(Beginning of Given data)

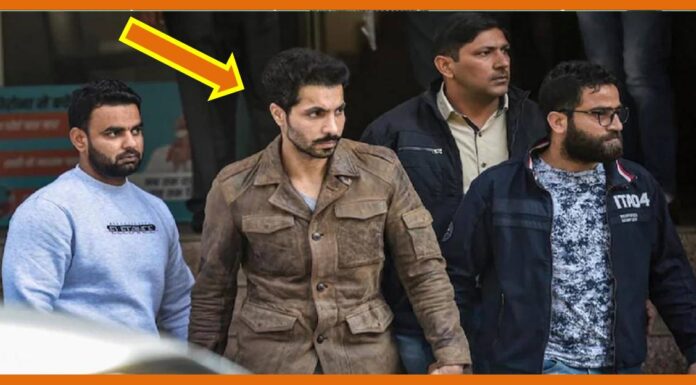 जब पुलिस ने दीप सिद्धू से छिपे रहने का कारण पूछा, आरोपी ने बताई ये वजह दीप सिद्धू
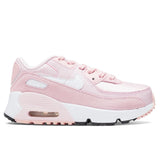 Air Max 90 LTR (TD) - Barely Rose/White
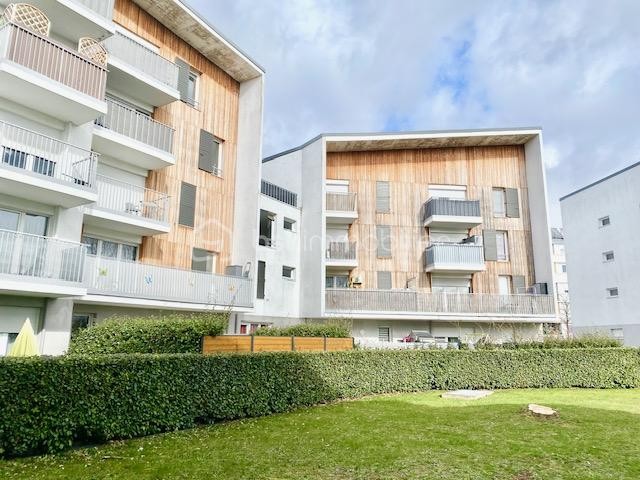 Vente Appartement à Élancourt 2 pièces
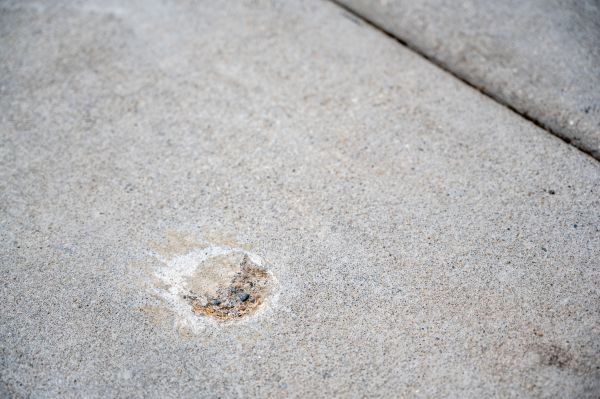 Cost of Patio Raising in Durham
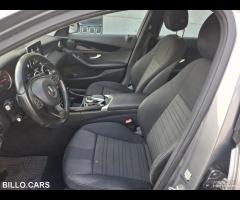 Mercedes-Benz C200d Business auto - 8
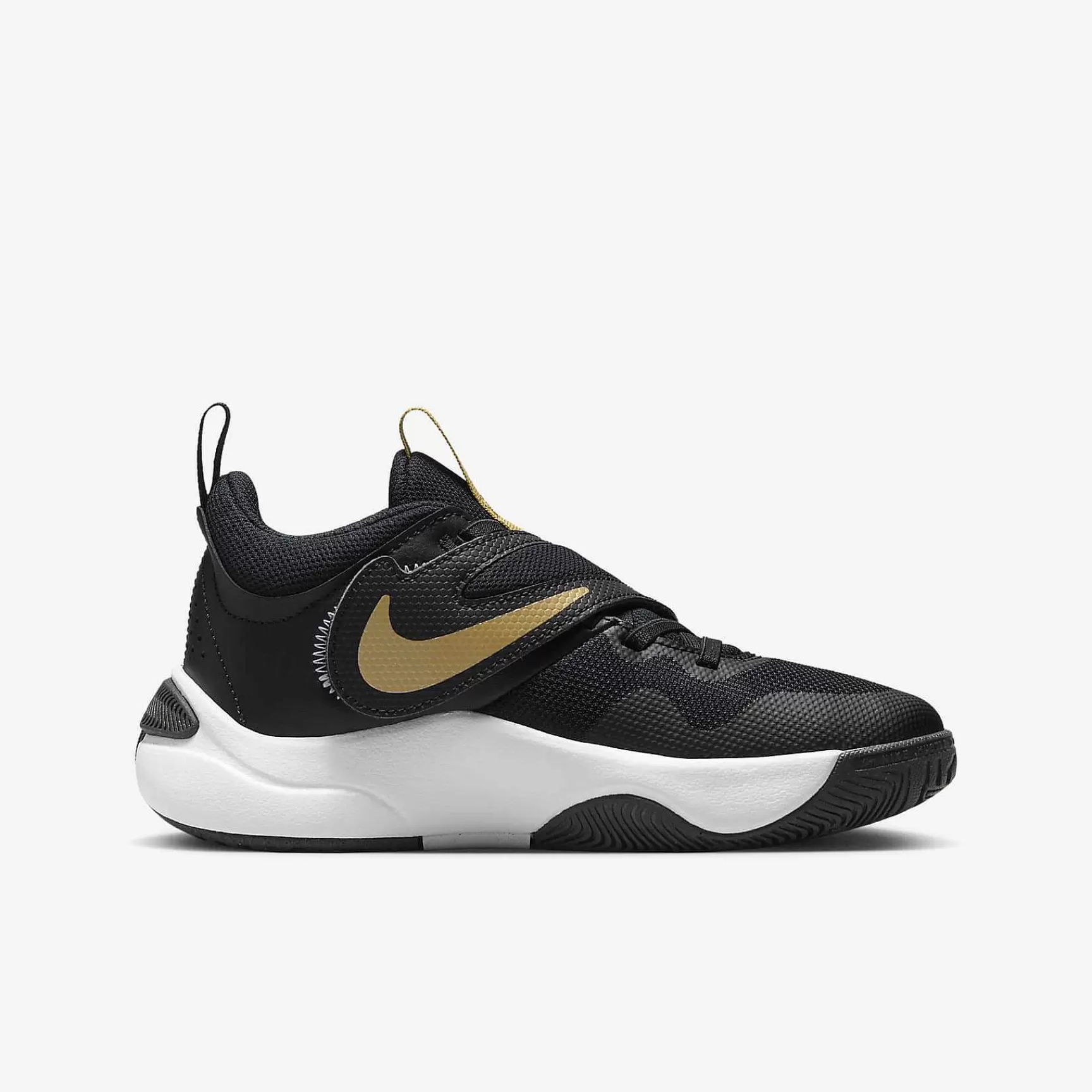 Cyber Monday Shoes-Nike Cyber Monday Shoes Team Hustle D 11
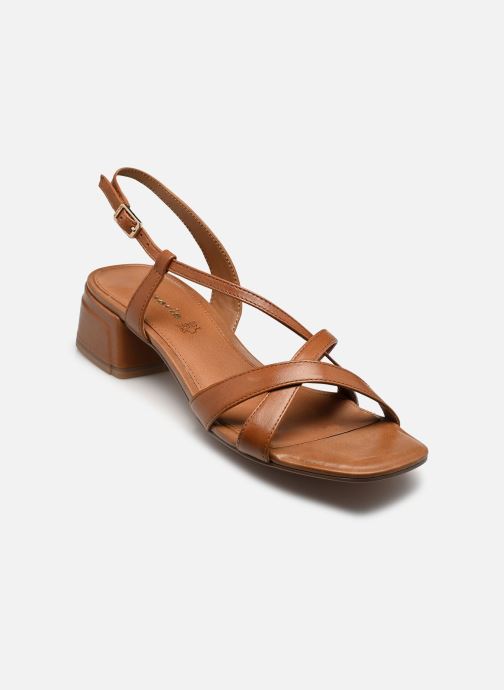 Tamaris Sandales 28253-44 femme marron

(End of Given data)

Output only the lines from the start of the data through the line that holds "Mercedes-Benz C200d Business auto - 8". Keep them exact and leave the pictures out.

● **Result**
 जब पुलिस ने दीप सिद्धू से छिपे रहने का कारण पूछा, आरोपी ने बताई ये वजह दीप सिद्धू
 Air Max 90 LTR (TD) - Barely Rose/White
 Vente Appartement à Élancourt 2 pièces
 Cost of Patio Raising in Durham
 Mercedes-Benz C200d Business auto - 8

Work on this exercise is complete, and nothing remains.